Upcoming: Holistics Canal — Fast Connector and Caching System

datbth · October 7, 2024, 7:51am

Screencast+from+2024-10-03+14-00-59

Background

When running database queries, Holistics retrieves the query results and stores them in Holistics Cache before further processing:

(Ref: Caching Mechanism (Cache) | Holistics Docs (4.0))

While Holistics already has existing Connector and Caching services in place (at steps 2, 3, and 4 above), the current system has several performance and scalability challenges.

Our team has spent months analyzing and optimizing the old system but some bottlenecks still remain. After further analysis, experiments, and industry research, we have decided that investing in a new system would be more beneficial to Holistics and its users in the long run.

Introducing: Holistics Canal

Canal is our newly developed Connector and Caching system, which aims to provide much better performance, maintainability, and scalability throughout Holistics querying operations.

The Canal system consists of:

Connector services: connect, query, and stream data from Data Warehouses (of Holistics customers) into the Data Lake.
Caching services (aka. Data Lake): provides queryable cache storage.

The new Canal system provides significant advantages over the current system. In the following sections, we will discuss the advantages focusing on step 3 of Holistics Data Caching (Store results to cache) mentioned in the Background above.

Streaming

Canal employs the data “streaming” technique that eliminates lots of overheads and bottlenecks when transferring data.

Before

Data is transported in bigger “trucks” (or chunks).
The throughput is low: the road only fits a few trucks at a specific time (or road segment).
Have to unload data into the intermediary Connector Server, then load them up onto the trucks again before transporting them to the Cache Server. This is a costly step (especially because of the concurrency issue mentioned below.
Memory costs: the Connector Server has to carry large amounts of data in its memory.
- The memory will have to be cleaned up later (i.e. Garbage Collection) and this cleanup process also slows down the server.
- When the memory reaches the server limit, the server would slow down and might even crash.

After

Data “flows” as smaller “packages” or chunks through the Canal straight into the Data Lake.
Higher throughput: the “canal” fits more packages at a time.
No overhead of intermediary loads/unloads.
Minimal memory costs.

Notes

The new system does not change the network speed.

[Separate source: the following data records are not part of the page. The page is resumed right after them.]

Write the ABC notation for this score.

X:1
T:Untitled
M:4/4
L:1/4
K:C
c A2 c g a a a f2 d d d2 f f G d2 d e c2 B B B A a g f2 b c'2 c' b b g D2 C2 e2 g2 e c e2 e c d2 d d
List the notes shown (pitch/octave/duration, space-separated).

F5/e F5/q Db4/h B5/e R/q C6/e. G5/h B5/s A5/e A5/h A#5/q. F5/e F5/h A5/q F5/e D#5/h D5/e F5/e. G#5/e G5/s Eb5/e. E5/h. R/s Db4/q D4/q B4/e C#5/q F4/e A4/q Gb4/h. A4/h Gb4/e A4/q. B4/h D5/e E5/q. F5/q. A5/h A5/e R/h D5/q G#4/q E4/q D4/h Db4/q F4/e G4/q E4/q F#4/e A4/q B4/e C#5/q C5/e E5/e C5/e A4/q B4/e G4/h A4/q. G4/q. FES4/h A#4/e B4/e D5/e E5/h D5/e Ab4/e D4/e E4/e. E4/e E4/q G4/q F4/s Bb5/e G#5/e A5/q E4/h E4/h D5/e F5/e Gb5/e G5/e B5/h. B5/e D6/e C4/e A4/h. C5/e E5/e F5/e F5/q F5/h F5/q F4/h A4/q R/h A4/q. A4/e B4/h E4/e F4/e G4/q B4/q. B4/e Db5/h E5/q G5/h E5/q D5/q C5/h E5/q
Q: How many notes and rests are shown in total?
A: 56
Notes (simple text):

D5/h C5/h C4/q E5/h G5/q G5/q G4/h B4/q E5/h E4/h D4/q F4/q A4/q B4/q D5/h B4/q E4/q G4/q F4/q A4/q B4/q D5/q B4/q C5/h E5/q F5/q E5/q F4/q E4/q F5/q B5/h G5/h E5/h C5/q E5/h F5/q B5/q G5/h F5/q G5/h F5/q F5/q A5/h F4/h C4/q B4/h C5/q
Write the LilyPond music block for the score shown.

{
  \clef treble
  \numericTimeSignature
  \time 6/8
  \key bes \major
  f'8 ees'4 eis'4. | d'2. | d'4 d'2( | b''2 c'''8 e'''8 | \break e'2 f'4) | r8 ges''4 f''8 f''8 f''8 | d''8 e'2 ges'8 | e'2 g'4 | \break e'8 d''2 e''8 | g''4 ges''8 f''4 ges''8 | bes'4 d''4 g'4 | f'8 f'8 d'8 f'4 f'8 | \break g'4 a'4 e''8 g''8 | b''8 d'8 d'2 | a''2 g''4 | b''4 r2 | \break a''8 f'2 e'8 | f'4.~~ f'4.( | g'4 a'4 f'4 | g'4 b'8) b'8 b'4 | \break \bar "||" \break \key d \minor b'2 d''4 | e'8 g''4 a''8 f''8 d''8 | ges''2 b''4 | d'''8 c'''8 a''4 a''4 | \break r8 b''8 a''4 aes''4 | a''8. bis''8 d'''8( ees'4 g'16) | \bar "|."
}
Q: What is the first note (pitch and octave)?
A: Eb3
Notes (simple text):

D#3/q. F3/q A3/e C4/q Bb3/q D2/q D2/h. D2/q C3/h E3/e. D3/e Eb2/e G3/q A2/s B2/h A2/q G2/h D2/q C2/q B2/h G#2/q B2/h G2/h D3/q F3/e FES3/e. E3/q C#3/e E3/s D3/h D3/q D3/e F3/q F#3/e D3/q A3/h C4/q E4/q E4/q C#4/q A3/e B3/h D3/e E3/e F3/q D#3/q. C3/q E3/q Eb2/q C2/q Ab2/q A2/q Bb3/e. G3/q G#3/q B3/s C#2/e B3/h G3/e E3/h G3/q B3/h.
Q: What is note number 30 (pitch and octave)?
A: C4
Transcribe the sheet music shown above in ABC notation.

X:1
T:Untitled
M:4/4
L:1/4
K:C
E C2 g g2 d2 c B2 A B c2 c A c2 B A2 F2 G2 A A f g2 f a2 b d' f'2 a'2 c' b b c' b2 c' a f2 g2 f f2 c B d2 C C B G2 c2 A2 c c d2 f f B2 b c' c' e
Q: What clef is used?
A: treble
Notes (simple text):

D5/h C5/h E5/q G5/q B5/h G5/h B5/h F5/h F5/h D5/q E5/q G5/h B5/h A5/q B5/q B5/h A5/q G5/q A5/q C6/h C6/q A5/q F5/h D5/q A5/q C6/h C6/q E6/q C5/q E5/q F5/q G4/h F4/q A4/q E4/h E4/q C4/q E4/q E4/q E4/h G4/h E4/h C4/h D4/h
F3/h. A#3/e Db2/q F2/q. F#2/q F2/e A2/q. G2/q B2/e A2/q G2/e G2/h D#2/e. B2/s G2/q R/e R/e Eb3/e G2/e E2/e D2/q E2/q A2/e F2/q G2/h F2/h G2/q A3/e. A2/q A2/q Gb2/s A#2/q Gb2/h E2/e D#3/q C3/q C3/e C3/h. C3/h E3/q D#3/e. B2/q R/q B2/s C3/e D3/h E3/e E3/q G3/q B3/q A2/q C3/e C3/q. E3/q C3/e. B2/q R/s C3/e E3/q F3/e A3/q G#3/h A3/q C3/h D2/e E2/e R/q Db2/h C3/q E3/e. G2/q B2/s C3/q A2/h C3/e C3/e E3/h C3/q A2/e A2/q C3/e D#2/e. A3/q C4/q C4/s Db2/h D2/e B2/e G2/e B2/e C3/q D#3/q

Hence, in the illustrations above, the speed of the “trucks” and the speed of the “canal flow” are pretty much equivalent.

Technologies

Holistics Canal uses new great technologies, nominally:

Golang

The whole Holistics Canal system (including Data Lake) runs on Golang.

This gives many benefits to the system, including:

Faster execution

Old Holistics Connector runs on Ruby, which is an interpreted programming language. Compilations only happen during runtime (i.e. Just-in-time compilation). On the other hand, Golang compiles the code ahead of runtime, allowing the runtime to execute faster right from the get-go.

Golang also enables us to use more efficient data structures and make lower-level optimizations in our codes.

Better concurrency

Ruby has a Global Interpreter Lock (GIL) which limits the concurrency power in certain operations.

Consider the following rough analogy:

Each “barn” (Connector Server) has a single Ruby GIL (i.e. each Connector Server is a Ruby process).
The “worker” must hold the Ruby GIL to be permitted to unload data from the left “truck” into the “barn” and to load data into the right “truck”.

⇒ There can only be 1 worker unloading/loading data at a time, which slows down the whole pipeline.

On the other hand, Golang can spawn multiple Goroutines working in parallel.

In our illustration, Golang allows us to operate on multiple “currents” at the same time, right in the middle of the flow/streaming.

Access to better data processing tools and technologies

Golang has first-class support from major Databases/Data Warehouses. Thus, the Golang database connector libraries are often readily available, more performant, have more features, and have fewer bugs.
Apache Arrow and Apache Parquet libraries are also very well-maintained in Golang, while they are still pretty primitive in Ruby at this moment.

Apache Arrow and Apache Parquet

Holistics Canal uses Apache Arrow as the data format for transferring data into the Data Lake.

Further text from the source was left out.